Corinne Lepage is a renowned French lawyer and politician committed to the protection of the environment.

She holds a doctorate in law and is a graduate of the Institute of Political Studies in Paris. She was sworn in in 1975.

Over the past 40 years, Corinne Lepage has been committed to the environment in various ways.

A renowned lawyer, she defended the victims of the oil spills

resulting from the Amoco Cadiz shipwreck (1978). The

Huglo-Lepage law firm and the Breton communities won their case and thus created a world first in environmental law, which opened the way to stronger protection for communities that were victims of serious pollution.
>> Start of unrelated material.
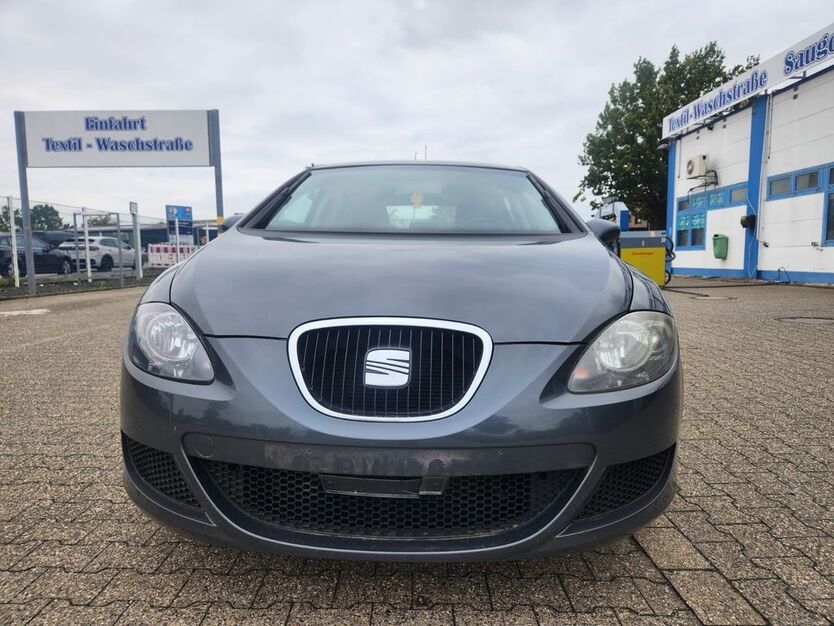 Seat Leon 202.000 km 1.999 € Alsdorf 52477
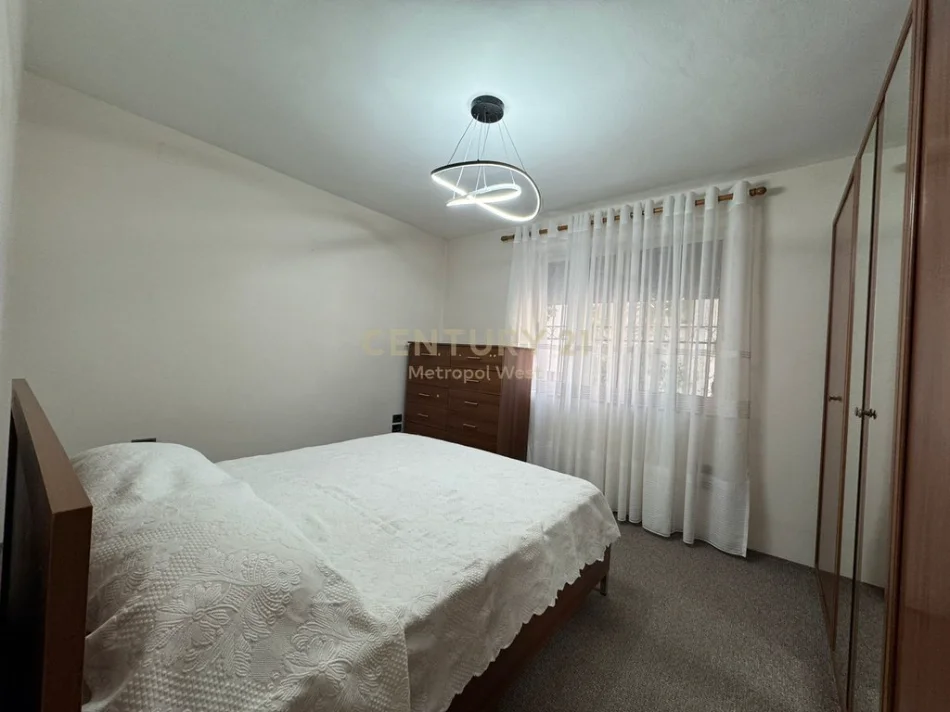 Tirane, jepet me qera apartament 1+1+Ballkon Kati 2, 55 m² 500 €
The Erika

and Grande-Synthe cases are other successes that Huglo-Lepage has won and that have left their mark on environmental law.

After a mandate as a local elected official obtained in 1989, in 1995 she responded positively to the proposal of Alain Juppé and became Minister of the Environment until 1997. During her mandate, she carried out the project of the LAURE law concerning air pollution and the rational use of energy. In 1997, thanks to a firm and sustained position on her part, she obtained the non-restarting of the nuclear reactor Superphénix and a moratorium on GMOs.

She will become an MEP from 2009 to 2014 and will be first vice-president of the Health and Environment Committee of the European Parliament.

After the creation of the Cap 21 party in 2000, she founded and chaired the environmental party Rassemblement citoyen – Cap 21 in 2014, which she still chairs today.

From 1975 to 2011, she pursued in parallel to her professional and political activities a teaching career at the Institute of Political Studies of Paris for 30 years as a lecturer and then professor at the Institute of Political Studies of Paris, but also as a lecturer in several universities.

She is the author of some thirty works on environmental law and political essays of a general nature or more specifically on environmental issues. She has also published several hundred articles in French and European journals.

Finally, she is very involved in community life. In addition to the Friends association of the Universal Declaration of Humankind rights (Association des amis de la Déclaration Universelle des Droits de l’Humanité in french : ADDHu), which she created and has chaired since 2015, she currently chairs WECF, the association justicepesticide, the movement of entrepreneurs of the new economy (MENE).